Pada prosesnya, Panggabean (2011) memaparkan, selama hampir 2 abad sejak tahun 1696, kopi Arabika menjadi satu-satunya varietas kopi yang dibudidayakan dan diperdagangkan di Nusantara sebagai komoditas unggulan.
Dominasi itu berakhir, ketika wabah penyakit karat daun (hemileia vastatrix) merebak tahun 1876, membuat produksi kopi Arabika turun drastis. Sebagai gantinya, pemerintah kolonial Belanda mendatangkan kopi Liberica dari Liberia (Afrika), yang juga nyaris ludes dihantam wabah karat daun pada tahun 1890.
Tak patah arang, pemerintah kolonial Belanda lalu kembali beralih ke varietas kopi lain, dengan mendatangkan kopi Robusta dari Kongo (Afrika) yang pada masa itu merupakan wilayah koloni Belgia.
Pada akhirnya, setelah diteliti dan dinyatakan bebas penyakit karat daun, kopi Robusta ditetapkan sebagai kopi komoditas utama pada tahun 1907. Dari sinilah, kopi Robusta berkembang pesat dan menjadi varietas kopi terbesar di Indonesia hingga sekarang.
Van Noordwijk et.al (2021) mencatat, fenomena penyakit karat daun pada kopi Arabika juga pernah terjadi di Brasil dan wilayah Amerika Selatan pada tahun 1970, tapi berkat teknologi pertanian yang sudah lebih maju, dampaknya tak sampai sedrastis di Nusantara.
Faktor inilah yang membuat posisi kopi Arabika sebagai jenis kopi yang diproduksi terbanyak secara global, dengan  persentase hampir 70%, tetap terjaga.
Di Indonesia, tepatnya sejak tahun 1876, kopi Arabika menjadi satu varietas kopi yang cukup rentan terhadap penyakit atau hama, dan hanya bisa tumbuh di dataran tinggi.
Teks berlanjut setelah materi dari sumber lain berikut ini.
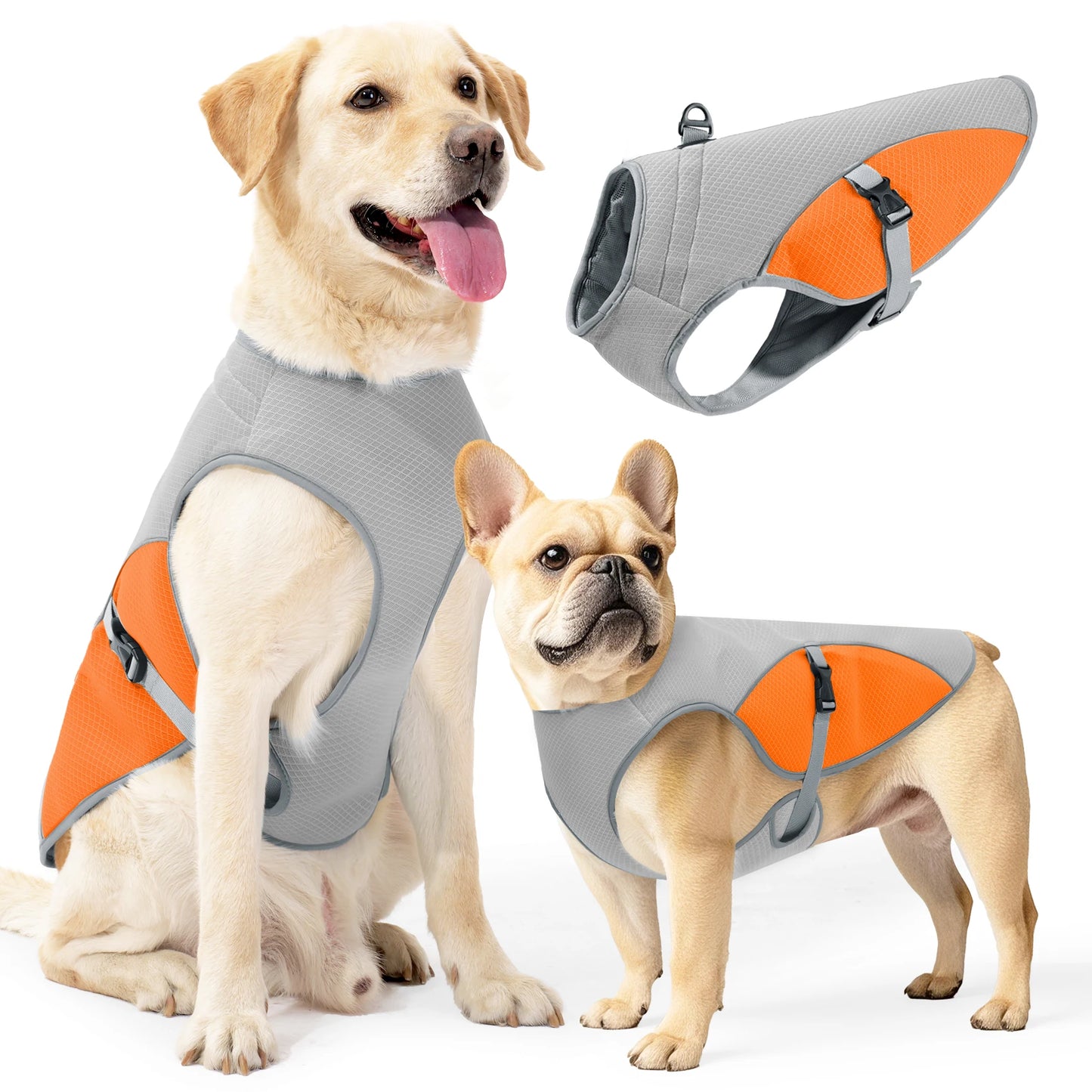 Dog Cooling Vest -  Harness Jacket with Water Bottle for Summer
Kerentanan ini belakangan semakin lengkap, karena adanya fenomena El Nino dan La Nina, yang menghasilkan suhu ekstrem.
Akibat kompleksitas lingkungan dan kondisi rentan inilah, harga kopi Arabika cenderung lebih mahal dari Robusta. Meski begitu, kopi Arabika tetap menghadirkan karakter khas yang kompleks, sepadan dengan harganya.
Mempunyai rasa khas pahit cenderung masam, kopi Arabika di Indonesia lalu berkembang menjadi "specialty coffee", dengan setiap daerah produsen kopi Arabika punya karakter rasa khas.
Kopi dari pulau Sumatera misalnya, identik perpaduan dengan rasa masam, pahit dan aroma rempah. Ada juga kopi Arabika Kintamani dari Bali, dan Flores (Nusa Tenggara Timur) yang cenderung "fruity". Di Jawa, ada kopi Priangan yang punya aroma harum.
Dengan demikian, meski bukan lagi komoditas kopi terbanyak seperti dulu, kopi Arabika di Indonesia tetap menjadi sesuatu yang unik. Berbagai dinamika perubahan (dari era kolonial sampai kekinian) tidak membuatnya lenyap, tapi mengubahnya menjadi sesuatu yang istimewa.